Neben ihm stehen, oder viel mehr sitzen, drei weitere Schauspieler auf der Bühne. Sara de Bosschere und Johan Leysen, die ihre jeweiligen Erlebnisse in flämischer Sprache erzählen, und Karim Bel Kacem, der ebenfalls Französisch spricht. Der Eindruck, sich in einem fremden Wohnzimmer zu befinden, verlässt das Publikum während der, in fünf „Kapitel“, gegliederten Vorstellung nicht. Die große Leinwand, die die Gesichter der Schauspieler während ihrer Erzählungen abbildet, zeigt jegliche Gefühlsregung und unterstreicht weiter das Gefühl des Zuschauers sich in einer privaten Unterhaltung zu befinden.

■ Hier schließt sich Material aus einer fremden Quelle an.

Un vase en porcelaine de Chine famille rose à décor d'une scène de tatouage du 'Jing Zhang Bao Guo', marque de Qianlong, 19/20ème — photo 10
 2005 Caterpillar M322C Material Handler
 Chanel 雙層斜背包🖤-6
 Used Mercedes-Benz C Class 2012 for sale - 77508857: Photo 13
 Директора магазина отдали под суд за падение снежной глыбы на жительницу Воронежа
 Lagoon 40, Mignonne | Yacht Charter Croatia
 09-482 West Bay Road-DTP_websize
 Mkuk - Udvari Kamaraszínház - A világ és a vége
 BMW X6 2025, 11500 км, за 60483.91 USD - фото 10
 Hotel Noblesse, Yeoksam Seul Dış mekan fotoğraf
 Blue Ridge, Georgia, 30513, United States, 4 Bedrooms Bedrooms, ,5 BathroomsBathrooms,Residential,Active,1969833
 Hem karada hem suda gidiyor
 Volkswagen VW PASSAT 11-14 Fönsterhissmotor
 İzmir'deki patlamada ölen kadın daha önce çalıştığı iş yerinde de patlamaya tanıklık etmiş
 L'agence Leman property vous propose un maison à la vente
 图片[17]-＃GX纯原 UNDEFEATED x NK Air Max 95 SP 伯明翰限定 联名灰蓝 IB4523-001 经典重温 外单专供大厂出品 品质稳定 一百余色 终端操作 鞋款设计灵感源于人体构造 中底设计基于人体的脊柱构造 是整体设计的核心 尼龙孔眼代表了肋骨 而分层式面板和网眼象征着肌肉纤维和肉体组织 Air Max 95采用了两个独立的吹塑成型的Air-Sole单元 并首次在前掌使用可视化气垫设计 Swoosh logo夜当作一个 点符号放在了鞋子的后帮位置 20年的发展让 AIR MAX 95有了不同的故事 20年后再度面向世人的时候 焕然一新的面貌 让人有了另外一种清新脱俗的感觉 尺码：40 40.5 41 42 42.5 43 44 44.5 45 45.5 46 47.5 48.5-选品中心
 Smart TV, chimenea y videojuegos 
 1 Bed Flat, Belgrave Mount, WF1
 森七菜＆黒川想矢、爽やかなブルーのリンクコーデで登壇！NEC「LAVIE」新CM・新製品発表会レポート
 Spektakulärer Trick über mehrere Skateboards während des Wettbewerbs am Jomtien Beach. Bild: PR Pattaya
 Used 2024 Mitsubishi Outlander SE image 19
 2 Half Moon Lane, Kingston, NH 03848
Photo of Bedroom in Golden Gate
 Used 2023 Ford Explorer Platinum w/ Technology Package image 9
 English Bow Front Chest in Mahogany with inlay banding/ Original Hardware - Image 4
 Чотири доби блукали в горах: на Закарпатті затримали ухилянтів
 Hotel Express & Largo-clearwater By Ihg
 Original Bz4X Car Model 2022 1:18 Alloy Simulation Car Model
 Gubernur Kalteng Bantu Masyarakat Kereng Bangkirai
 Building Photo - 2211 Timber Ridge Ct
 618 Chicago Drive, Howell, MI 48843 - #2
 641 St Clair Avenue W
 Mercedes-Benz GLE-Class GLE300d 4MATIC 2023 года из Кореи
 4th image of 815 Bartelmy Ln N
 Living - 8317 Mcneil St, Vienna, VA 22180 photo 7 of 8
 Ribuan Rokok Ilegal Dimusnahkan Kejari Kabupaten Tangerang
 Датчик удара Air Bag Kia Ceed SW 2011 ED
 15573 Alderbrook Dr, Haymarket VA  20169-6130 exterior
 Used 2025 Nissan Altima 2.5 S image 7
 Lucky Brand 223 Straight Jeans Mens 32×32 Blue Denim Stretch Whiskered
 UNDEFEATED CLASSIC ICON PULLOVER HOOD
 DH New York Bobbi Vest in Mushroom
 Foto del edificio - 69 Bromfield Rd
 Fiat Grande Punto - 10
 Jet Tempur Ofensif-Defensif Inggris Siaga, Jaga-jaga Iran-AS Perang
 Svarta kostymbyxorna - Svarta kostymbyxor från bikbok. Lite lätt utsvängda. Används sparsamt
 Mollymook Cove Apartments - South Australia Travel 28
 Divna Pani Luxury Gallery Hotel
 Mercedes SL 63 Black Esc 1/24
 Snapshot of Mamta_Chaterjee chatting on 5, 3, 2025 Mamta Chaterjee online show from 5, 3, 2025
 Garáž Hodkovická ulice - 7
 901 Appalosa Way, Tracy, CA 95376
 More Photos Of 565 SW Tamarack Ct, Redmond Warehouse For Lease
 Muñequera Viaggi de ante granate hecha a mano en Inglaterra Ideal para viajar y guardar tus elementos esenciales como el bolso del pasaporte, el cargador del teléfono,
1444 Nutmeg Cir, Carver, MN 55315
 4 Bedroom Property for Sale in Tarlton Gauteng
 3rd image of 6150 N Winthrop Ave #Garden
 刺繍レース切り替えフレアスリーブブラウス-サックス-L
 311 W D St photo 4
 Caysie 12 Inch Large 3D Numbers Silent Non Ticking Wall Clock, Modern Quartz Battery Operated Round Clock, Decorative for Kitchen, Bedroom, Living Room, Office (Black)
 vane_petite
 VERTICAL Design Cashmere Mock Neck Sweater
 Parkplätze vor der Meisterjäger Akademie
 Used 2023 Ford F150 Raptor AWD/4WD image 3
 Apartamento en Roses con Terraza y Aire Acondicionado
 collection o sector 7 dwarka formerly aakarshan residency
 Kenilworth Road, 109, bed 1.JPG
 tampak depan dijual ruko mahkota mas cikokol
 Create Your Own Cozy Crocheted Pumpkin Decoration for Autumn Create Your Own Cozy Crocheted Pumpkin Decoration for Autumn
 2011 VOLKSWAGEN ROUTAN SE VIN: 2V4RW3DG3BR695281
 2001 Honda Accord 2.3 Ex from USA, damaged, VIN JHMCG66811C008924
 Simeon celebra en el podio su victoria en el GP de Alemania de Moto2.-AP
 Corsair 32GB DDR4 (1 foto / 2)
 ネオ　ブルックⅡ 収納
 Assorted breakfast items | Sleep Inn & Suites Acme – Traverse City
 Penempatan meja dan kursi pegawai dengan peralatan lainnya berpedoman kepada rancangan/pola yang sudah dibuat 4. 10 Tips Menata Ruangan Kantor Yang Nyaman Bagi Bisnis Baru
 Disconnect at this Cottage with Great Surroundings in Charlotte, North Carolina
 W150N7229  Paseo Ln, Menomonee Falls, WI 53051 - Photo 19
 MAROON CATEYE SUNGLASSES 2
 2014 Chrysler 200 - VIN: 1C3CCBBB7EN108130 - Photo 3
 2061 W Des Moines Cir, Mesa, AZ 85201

Prolog und Epilog beschäftigen sich mit der Geschichte eines belgischen Jugendlichen, der nach Syrien geht, um dort an der Seite der Djihadisten zu kämpfen. Sein Vater setzt alles in Bewegung, um seinen Sohn nach Belgien zurück zu holen, was ihm am Ende auch gelingt. Es wird deutlich: Eine solche aktive Vaterfigur, die für sein Kind und dessen Wohlbefinden kämpft, wünscht sich jeder. Im Mittelpunkt der privaten Geschichten der Darsteller steht, im Gegensatz dazu, das Fehlen einer solchen Vaterfigur. Die Erzählungen zeigen beispielhaft die gesellschaftlichen Veränderungen in Europa in den letzten Jahrzehnten und die Schauspieler nutzen das Medium Theater um den Schritt aus dem privaten Raum in die Öffentlichkeit zu tätigen.

Am Ende bleibt die Frage, die jeder Zuschauer für sich selbst beantworten muss, ob und wie und in welchem Rahmen man aktiv werden kann, um die Gesellschaft und die Politik Europas mitgestalten zu können.